Question

Question 6
For going to a city B from city A, there is a route via city C such that AC $\perp$ CB, AC = 2x km and CB = 2(x+7) km. It is proposed to construct a 26 km highway which directly connects the two cities A and B.Ffind how much distance will be saved in reaching city B from city A after the construction of the highway.

Answer 1

Given, AC $\perp$ CB, CB = 2(x+7)km and AB = 26 km
On drawing the figure, we get a right angled $\Delta ACB$ right angled at C.
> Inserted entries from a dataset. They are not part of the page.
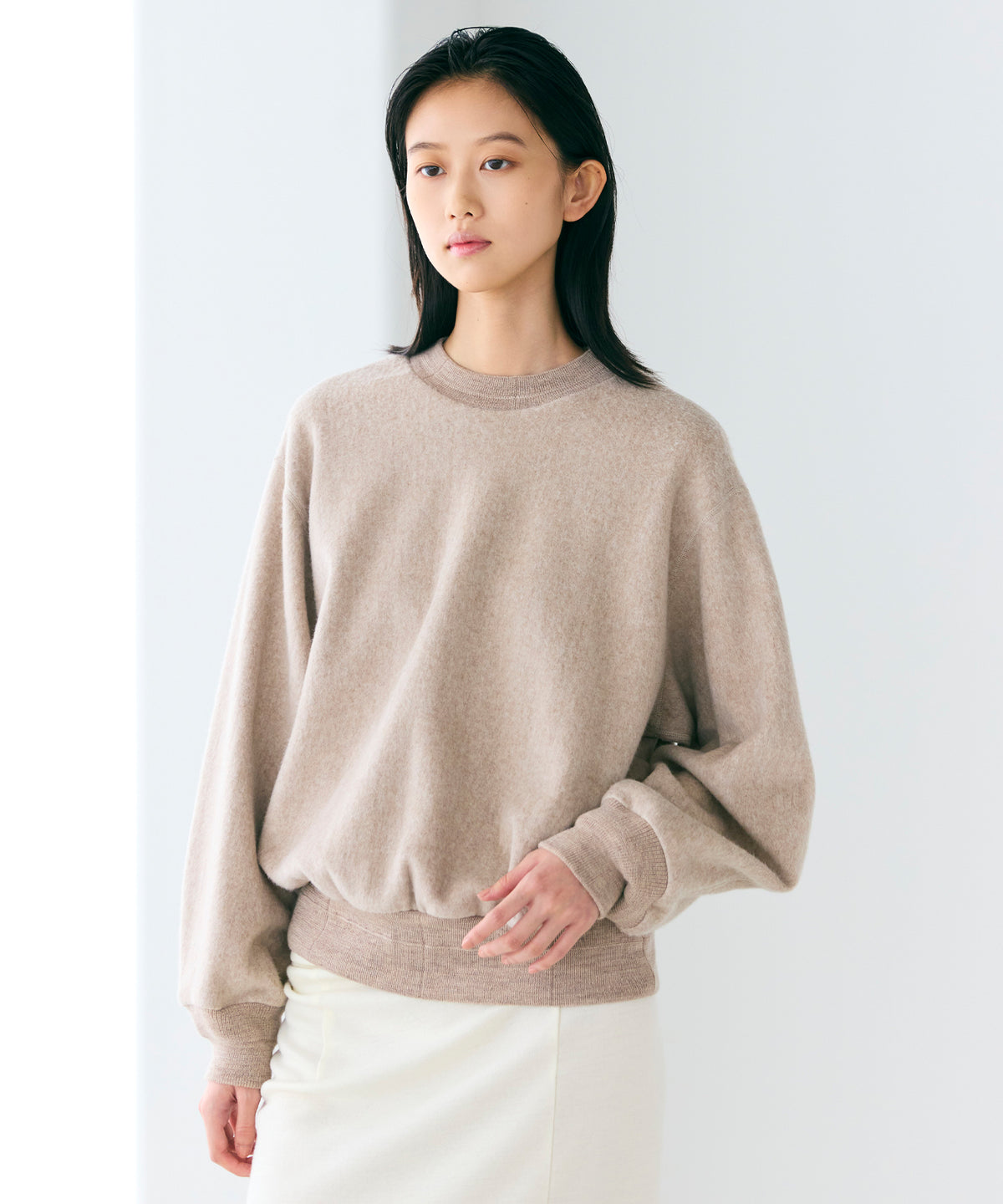 SILK COTTON FLEECE / FLEECE SWEATSHIRT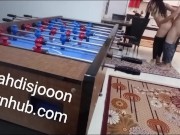 زن با.بام بهم فوتبال دستی شرطی سر کوس باخت منم بدجوری کردمش ( پر از مکالمه فارسی سکسی) ایرانی 8/16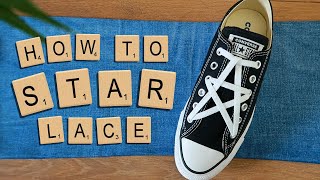 How To Star Lace Converse BEST WAY [upl. by Carpenter]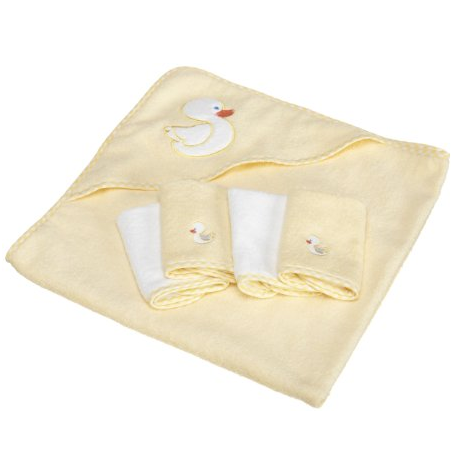 Spasilk 100% Cotton Hooded Terry Bath Towel with 4 Washcloths, $11.99
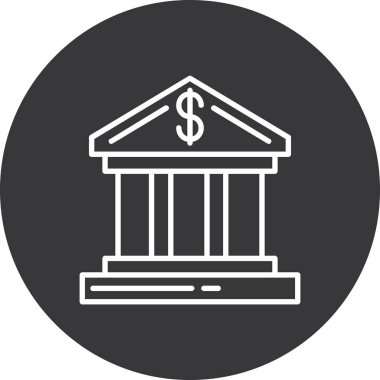 banka simgesi vektör illüstrasyonu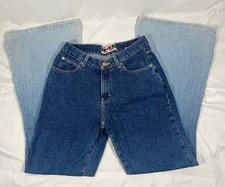 90s Vintage Rave 4 Real Bootcut Ombre Jeans American Denim Y2K Women's 26 Waist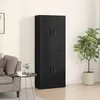 Image de Armoires 2 pcs Chêne noir 69,5x34x180 cm Bois d ingénierie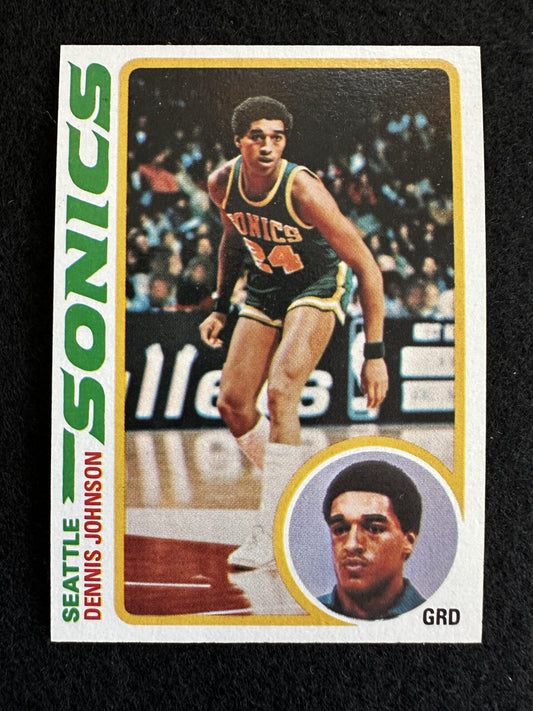 1978–79 Topps Dennis Johnson (#78) NM Rookie Card, NBA Champion ^GRUMPYBUCK^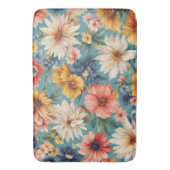 驚くべきエレガント優しい夏の花 バスマット (正面縦)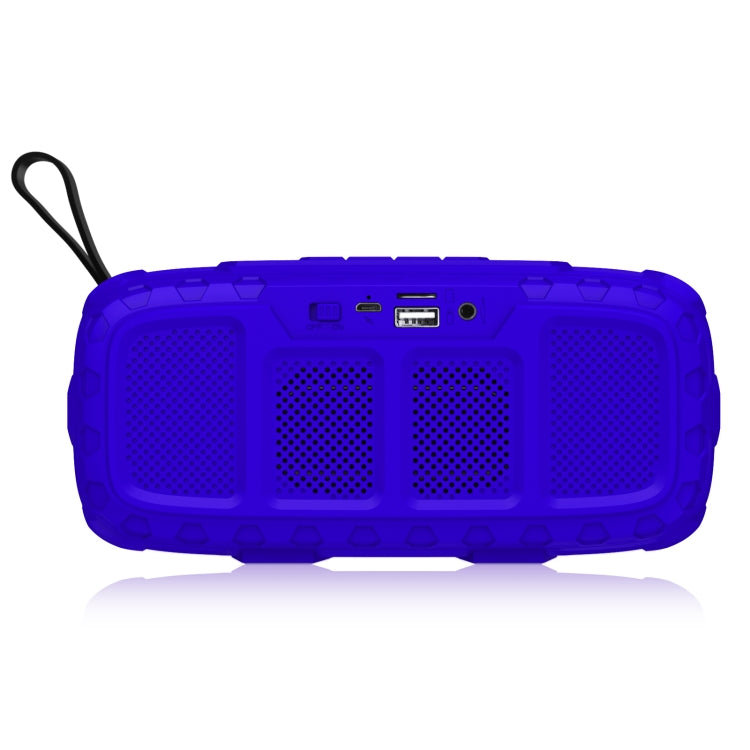 NewRixing NR-5018 Outdoor Portable Bluetooth Speaker, Support Hands-free Call / TF Card / FM / U Disk(Blue+Black) - Desktop Speaker by NewRixing | Online Shopping UK | buy2fix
Now, in $\Delta ACB$ by using Pythagoras theorem,
$A{B}^2=A{C}^2+B{C}^2$
$\Rightarrow (26{)}^2=(2x{)}^2+{\left\{2\right(x+7\left)\right\}}^2$
$\Rightarrow 676=4x^2+4(x^2+49+14x)$
$\Rightarrow 676=4x^2+4x^2+196+56x$
$\Rightarrow 676=8x^2+56x+196$
$\Rightarrow 8x^2+56x-480=0$
On dividing by 8, we get $x^2+7x-60=0$
$\Rightarrow x^2+12x-5x-60=0$
$\Rightarrow x(x+12)-5(x+12)=0$
$\Rightarrow (x+12)(x-5)=0$
$\therefore$ $x=-12,x=5$
Since, distance cannot be negative.
$\therefore$ $x=5$ $[\because x\ne -12]$
Now, $AC=2x=10km$
And $BC=2(x+7)=2(5+7)=24km$
The distance covered to reach city B from city A via city C
$=AC+BC$
$=10+24$
$=34km$
Distance covered to reach city B from city A after the construction of the highway
= BA = 26 km
Hence the distance saved in reaching city B from city A after the construction of the highway will be 34 – 26 i.e., 8 km.